Searching your command history on macOS terminal

Use Ctrl + R for searching a command from history in Terminal.

(reverse-i-search)`': 

Type any substring of the command you want to search e.g. grep

(reverse-i-search)`grep': grep "XYZ" abc.txt

It will return the latest command that matches your input. If that is not the command you were searching for, keep pressing Ctrl + R for next match until you find your command.

Once you found your command press Return to execute it.

If you want to exit without running any command, press Ctrl + G

PS: This answer is same as suggested by Inian, just giving more details for easy usage.


The command history is stored under your home folder in a hidden file called .bash_history. To view it's content in nano, use the following command in Terminal:

nano ~/.bash_history

Or open with your text editor (default is TextEdit):

open ~/.bash_history

In my case it's a very long list and as I scroll through seems like the last ~500 command is stored here.


How about using Ctrl+R for searching on the Terminal Utility in Mac for searching on the command history,

dudeOnMac: freddy$ whoami
freddy
(reverse-i-search)`who': whoami

Well for controlling how long the history would be retained that depends on a few shell environment variables, HISTFILESIZE which is nothing but number of lines of history you want to retain. Set a huge value for it in .bash_profile for it to take effect

HISTFILESIZE=10000000 

Migrating an answer to SO from this answer on the Unix and Linux Stack Exchange:

Pressing ctrl+R will open the history-search-backward. Now start typing your command, this will give the first match. By pressing ctrl+R again (and again) you can cycle through the history.

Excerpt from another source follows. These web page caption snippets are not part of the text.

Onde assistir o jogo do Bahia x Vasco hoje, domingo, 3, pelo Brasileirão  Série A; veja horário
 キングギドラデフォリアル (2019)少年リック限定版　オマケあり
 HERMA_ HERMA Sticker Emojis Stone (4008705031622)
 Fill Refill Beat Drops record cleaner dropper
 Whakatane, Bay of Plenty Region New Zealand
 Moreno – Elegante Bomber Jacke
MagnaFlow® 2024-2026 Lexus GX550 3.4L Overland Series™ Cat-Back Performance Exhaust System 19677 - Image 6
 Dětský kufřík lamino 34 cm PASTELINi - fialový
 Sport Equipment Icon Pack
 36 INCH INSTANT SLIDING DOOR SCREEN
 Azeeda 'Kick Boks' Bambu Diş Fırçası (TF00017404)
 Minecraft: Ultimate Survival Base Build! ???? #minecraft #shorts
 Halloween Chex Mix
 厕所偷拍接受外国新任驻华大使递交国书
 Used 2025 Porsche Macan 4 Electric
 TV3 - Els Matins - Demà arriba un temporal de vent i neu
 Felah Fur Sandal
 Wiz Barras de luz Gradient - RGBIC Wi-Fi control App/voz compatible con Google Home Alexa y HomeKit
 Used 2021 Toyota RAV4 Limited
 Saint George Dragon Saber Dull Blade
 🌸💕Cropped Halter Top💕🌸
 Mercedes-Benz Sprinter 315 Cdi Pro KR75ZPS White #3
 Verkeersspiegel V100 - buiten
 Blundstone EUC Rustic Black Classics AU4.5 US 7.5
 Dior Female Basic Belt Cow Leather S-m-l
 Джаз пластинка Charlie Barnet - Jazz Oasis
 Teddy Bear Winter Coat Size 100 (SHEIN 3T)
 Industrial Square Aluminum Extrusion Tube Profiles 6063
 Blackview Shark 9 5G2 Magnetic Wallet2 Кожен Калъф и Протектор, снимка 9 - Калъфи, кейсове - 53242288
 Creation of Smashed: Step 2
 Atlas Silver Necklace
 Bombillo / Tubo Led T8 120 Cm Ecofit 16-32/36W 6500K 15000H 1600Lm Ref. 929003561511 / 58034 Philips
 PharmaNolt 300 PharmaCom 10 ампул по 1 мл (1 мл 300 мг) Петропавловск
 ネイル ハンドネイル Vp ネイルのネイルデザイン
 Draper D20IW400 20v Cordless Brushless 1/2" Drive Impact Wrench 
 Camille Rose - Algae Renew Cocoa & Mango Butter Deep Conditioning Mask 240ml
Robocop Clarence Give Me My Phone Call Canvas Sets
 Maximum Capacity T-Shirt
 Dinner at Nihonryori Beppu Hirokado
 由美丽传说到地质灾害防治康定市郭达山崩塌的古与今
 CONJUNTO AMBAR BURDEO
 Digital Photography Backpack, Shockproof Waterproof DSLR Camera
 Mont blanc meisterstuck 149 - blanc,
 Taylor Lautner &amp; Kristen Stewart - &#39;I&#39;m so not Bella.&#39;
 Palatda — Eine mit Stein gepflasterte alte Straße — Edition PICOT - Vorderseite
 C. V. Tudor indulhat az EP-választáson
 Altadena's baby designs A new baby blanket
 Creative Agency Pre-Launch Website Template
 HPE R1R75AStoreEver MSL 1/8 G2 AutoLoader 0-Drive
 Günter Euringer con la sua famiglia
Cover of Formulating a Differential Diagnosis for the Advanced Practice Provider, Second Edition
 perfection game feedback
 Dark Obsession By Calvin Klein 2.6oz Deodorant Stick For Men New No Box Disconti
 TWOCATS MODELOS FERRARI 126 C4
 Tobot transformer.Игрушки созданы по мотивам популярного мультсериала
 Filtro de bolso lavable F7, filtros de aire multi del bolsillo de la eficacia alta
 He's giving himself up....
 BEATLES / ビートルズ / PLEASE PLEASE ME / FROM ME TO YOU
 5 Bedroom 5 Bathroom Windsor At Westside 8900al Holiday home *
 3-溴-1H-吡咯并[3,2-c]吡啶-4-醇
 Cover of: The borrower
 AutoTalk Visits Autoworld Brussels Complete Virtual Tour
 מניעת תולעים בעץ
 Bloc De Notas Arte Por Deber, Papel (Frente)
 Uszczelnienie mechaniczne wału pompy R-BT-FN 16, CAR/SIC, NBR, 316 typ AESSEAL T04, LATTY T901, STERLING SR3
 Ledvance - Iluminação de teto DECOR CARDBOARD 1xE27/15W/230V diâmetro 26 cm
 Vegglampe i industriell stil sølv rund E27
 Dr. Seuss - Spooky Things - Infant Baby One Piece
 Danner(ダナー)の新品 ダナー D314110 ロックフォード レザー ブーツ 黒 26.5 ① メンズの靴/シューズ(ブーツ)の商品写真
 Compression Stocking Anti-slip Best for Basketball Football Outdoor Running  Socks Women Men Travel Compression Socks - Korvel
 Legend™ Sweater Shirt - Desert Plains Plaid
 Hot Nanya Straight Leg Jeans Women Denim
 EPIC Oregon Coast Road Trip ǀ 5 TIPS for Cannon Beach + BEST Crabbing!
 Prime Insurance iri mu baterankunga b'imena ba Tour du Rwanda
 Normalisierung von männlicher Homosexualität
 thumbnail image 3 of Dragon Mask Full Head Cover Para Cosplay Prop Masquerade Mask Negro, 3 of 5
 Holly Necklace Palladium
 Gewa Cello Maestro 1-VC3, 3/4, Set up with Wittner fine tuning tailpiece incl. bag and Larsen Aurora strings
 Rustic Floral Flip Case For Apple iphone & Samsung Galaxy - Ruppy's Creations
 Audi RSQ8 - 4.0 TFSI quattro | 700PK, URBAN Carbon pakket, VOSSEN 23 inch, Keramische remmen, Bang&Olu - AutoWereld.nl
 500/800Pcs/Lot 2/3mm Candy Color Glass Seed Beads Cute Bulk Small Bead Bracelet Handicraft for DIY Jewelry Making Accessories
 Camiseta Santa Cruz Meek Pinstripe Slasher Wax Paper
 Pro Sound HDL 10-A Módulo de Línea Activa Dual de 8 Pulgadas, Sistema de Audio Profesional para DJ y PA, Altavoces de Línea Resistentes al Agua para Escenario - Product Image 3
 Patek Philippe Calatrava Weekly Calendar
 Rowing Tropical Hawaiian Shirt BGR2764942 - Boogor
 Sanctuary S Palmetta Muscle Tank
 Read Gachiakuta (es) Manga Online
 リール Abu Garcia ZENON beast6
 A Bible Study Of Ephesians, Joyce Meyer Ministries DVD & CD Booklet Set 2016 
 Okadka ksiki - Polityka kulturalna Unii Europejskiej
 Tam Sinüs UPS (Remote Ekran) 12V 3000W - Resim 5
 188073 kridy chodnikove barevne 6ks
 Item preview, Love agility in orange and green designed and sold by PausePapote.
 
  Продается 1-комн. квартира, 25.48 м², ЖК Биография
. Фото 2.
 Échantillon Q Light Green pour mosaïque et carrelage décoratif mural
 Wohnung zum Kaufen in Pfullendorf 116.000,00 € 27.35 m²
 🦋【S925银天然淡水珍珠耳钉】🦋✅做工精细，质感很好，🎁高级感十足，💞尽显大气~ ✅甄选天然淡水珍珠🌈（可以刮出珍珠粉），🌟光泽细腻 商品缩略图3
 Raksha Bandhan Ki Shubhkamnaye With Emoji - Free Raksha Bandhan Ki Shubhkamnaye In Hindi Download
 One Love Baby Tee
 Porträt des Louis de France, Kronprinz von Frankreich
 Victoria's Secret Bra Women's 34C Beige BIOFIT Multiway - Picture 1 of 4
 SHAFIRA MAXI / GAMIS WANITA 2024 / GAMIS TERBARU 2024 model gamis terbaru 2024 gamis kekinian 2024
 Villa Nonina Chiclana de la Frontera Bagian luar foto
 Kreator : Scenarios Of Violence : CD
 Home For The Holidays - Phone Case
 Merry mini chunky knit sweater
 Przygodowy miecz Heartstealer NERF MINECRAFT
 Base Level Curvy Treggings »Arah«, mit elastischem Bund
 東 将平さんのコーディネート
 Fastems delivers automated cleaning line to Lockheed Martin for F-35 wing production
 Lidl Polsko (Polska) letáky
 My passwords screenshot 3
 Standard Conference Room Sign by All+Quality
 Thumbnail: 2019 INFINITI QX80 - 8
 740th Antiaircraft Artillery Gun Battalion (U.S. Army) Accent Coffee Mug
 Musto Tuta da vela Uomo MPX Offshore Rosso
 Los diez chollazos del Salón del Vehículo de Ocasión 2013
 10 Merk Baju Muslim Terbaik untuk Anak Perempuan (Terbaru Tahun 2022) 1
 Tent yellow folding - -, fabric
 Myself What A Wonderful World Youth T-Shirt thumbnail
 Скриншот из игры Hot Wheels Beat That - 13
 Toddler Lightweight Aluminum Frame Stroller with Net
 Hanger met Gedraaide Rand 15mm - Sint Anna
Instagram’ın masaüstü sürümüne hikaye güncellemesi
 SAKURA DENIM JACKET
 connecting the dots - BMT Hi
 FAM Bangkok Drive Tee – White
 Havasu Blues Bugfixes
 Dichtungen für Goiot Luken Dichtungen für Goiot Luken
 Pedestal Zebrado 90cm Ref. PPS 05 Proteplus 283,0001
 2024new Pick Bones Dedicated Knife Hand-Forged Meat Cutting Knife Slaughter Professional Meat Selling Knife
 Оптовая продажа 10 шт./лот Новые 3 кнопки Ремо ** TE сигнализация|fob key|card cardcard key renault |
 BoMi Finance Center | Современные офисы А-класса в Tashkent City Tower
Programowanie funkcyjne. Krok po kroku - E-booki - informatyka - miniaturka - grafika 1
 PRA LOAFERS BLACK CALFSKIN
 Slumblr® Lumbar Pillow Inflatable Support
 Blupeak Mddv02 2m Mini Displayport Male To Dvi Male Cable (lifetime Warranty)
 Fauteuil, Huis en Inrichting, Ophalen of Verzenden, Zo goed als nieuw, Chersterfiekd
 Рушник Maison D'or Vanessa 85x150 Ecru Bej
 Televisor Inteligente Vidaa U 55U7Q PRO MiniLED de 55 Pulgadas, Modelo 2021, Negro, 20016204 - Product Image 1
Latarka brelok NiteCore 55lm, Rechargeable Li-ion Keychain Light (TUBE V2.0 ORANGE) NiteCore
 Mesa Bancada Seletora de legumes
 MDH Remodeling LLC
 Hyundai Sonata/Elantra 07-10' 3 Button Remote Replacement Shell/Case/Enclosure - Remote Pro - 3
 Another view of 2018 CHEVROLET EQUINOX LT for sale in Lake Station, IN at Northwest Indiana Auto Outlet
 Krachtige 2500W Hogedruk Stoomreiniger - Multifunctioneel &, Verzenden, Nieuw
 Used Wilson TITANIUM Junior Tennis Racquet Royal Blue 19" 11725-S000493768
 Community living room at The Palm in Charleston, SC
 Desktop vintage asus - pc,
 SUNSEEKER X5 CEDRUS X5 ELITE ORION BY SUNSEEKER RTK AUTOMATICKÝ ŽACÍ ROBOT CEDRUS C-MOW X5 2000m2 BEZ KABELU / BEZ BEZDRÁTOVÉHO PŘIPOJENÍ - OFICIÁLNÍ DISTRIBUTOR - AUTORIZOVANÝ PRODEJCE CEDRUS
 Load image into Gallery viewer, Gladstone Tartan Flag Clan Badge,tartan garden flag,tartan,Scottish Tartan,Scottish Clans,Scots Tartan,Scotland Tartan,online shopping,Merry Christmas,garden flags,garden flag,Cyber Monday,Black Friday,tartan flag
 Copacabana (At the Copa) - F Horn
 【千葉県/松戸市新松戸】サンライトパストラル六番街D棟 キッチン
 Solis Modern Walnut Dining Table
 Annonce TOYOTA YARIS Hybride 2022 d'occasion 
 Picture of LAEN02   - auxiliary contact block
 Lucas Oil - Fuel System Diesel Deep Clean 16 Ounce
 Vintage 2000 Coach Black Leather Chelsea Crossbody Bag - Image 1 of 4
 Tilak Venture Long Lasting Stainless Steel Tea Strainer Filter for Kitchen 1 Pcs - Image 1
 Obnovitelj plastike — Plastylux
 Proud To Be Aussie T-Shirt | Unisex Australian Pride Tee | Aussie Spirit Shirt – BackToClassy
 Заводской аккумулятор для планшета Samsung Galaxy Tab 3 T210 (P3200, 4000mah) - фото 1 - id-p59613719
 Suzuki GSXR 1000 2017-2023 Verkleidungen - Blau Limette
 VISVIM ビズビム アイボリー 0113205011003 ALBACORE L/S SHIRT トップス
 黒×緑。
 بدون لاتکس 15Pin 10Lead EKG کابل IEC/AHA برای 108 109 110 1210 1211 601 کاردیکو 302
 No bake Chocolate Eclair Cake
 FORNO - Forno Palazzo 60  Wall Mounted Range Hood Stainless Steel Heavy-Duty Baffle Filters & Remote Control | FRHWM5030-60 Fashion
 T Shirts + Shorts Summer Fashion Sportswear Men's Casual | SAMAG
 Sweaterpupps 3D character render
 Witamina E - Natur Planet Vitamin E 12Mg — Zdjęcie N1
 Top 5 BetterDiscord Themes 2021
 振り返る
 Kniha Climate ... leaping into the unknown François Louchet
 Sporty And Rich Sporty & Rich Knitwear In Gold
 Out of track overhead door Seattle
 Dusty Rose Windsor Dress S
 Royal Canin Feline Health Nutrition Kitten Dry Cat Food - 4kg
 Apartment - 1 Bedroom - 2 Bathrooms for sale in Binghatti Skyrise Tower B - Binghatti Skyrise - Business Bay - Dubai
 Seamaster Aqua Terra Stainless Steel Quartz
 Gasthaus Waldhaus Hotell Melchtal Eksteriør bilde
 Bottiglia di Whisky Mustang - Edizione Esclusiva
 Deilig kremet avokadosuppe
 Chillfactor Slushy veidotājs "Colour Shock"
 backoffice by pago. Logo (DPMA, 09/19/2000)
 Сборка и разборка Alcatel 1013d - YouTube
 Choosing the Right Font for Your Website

If you like to be super lazy you can bind the up/down arrow keys to perform this search, I have the following in my .inputrc to bind the up/down arrow key to history-search-backward and history-search-forward:

# Key bindings, up/down arrow searches through history
"\e[A": history-search-backward
"\e[B": history-search-forward
"\eOA": history-search-backward
"\eOB": history-search-forward

Just type something (optional), then press up/down arrow key to search through history for commands that begin with what you typed.